A high level committment to a world-wide accepted baseline standard is a sine qua non for WS1, and a prerequisite as far as I am concerned for the transition from semi-state actor to private organisation. WS2 is indeed where we explore the details. But to reject the baseline, or qualify it out of existence is not acceptable -- given the thin ice ICANN is on since the ICO and (particularly) FIFA debacles. On 11/05/2015 05:34 PM, Drazek, Keith wrote:
Agreed, and I am on record supporting that. But further detailed work, including the examples highlighted by Eric, will be required in WS2. Keith
-----Original Message----- From: accountability-cross-community-bounces@icann.org [mailto:accountability-cross-community-bounces@icann.org] On Behalf Of Dr Eberhard W Lisse Sent: Thursday, November 05, 2015 12:31 PM To: CCWG Accountability Cc: Lisse Eberhard Subject: Re: [CCWG-ACCT] Reflections on human rights protection and promotion by ICANN
The human right issue belongs firmly into WS1.
el
-- Sent from Dr Lisse's iPad mini
On 5 Nov 2015, at 19:19, Drazek, Keith <kdrazek@verisign.com> wrote:
Thanks Eric. I think these are all valid considerations for Work Stream 2.
Regards, Keith
-----Original Message----- From: accountability-cross-community-bounces@icann.org [mailto:accountability-cross-community-bounces@icann.org] On Behalf Of Eric Brunner-Williams Sent: Thursday, November 05, 2015 11:54 AM To: 'accountability-cross-community@icann.org' Subject: [CCWG-ACCT] Reflections on human rights protection and promotion by ICANN
Colleagues,
Some will recall that when the Government of Egypt, then going through crisis, directed the ISPs within its jurisdiction to withdraw their respective prefix announcements, affecting a series of changes to the global routing database communicated via BGP4, which took Egypt "off-line", that the Corporation did something.
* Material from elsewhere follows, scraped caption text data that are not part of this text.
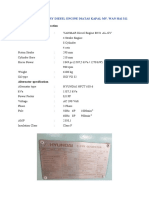 Generator Engine Specification: Data Auxiliary Diesel Engine Diatas Kapal Mv. Wan Hai 311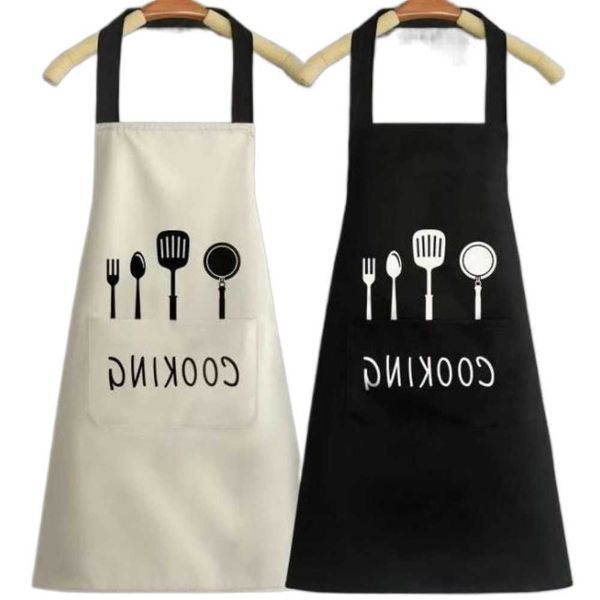 

kitchen bib aprons cooking chef aprons with pockets polyester waterproof oil-proof cloth aprons for men women bbq kitchen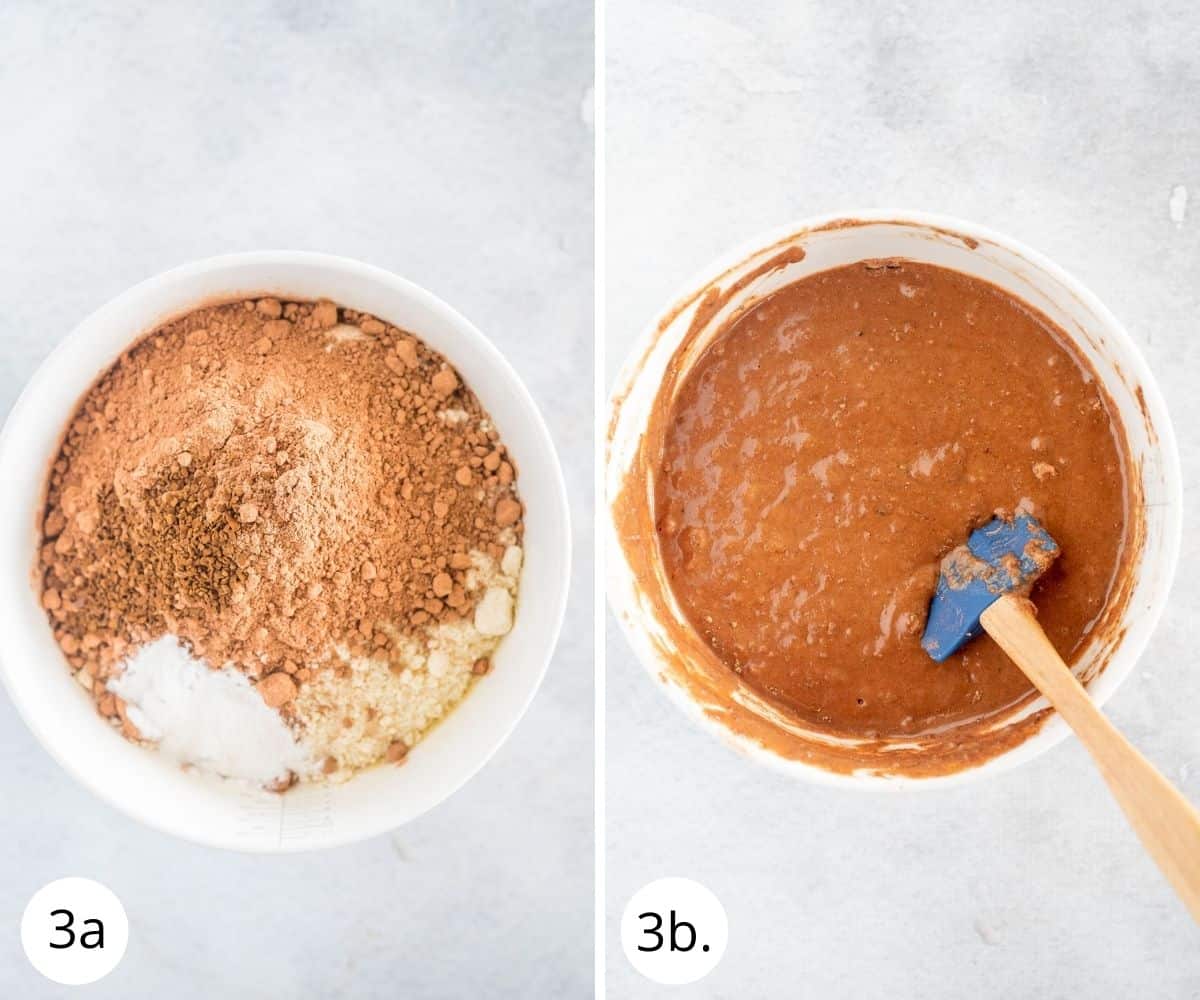 Mixing wet ingredients into dry ingredients in a bowl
It announced that the one remaining authoritative server for the .eg zone which remained globally accessible would, if its data "expired" before the Government of Egypt directed the ISPs within its jurisdiction to re-announce their respective prefix announcements, again affecting changes to the global routing database communicated via BGP4, putting Egypt back "on-line", refresh the zone date of the one remaining authoritative server for the .eg zone, so that the pre-existing data for the entire .eg zone would not be discarded.
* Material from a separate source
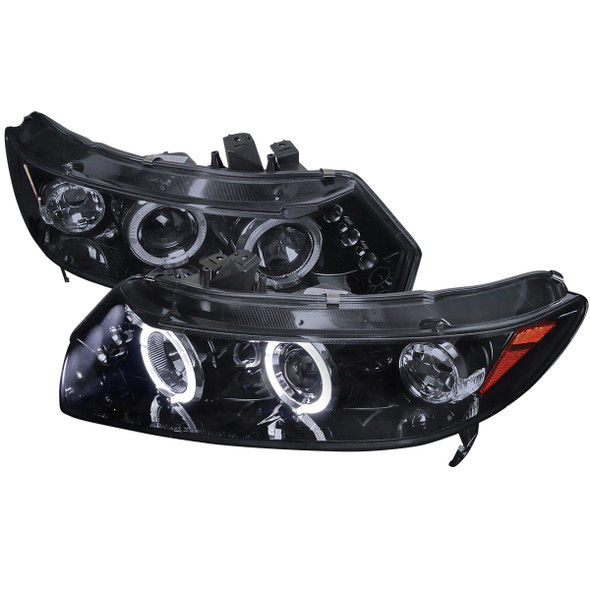 2006-2011 Honda Civic Coupe Dual Halo Projector Headlights (Glossy Black Housing/Smoke Lens)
In effect, the Corporation guaranteed the continuous existence of zone data and correctness of resolution, independent of the express intent of the (then) Government of Egypt, because ...
And there is where we have the possibility of writing in the human rights rational for keeping the .eg data from expiry. It could be the rights of Egyptians to continuity and correctness of resolution withing the .eg zone, or the global right to continuity and correctness of resolution of any zone, including the .eg zone, or possibly even further reaching, conditions upon the abilities of state actors to access the global routing database.
Next, at the Santa Monica meeting, which I was able to attend in person, I pointed out that we (Amadeu, myself, ... Vint, ...) had no idea in 2005 that a "cultural and linguistic application" by a Catalan NGO would trigger a vast amount of text generation in Catalan in the namespace delegated to the Catalan NGO. I said something along the lines of "access to namespaces is something the Corporation has direct control over", with the implication that the use of local language, and so the infrastructure which reasonably facilitates that use, is a human right, protected and promoted by the Corporation.
And here too is where we have the possibility of writing in the human rights rational for the IDN program, with all its warts and bells and whistles.
Are there other ways to approach human rights protection and promotion by ICANN? It seems likely to me, but these are things we've done, the Corporation has done with the full knowledge and consent of the Community, and are rather central to the mission of the Corporation -- continuous correct routing and resolution, and identifiers in languages other than US English.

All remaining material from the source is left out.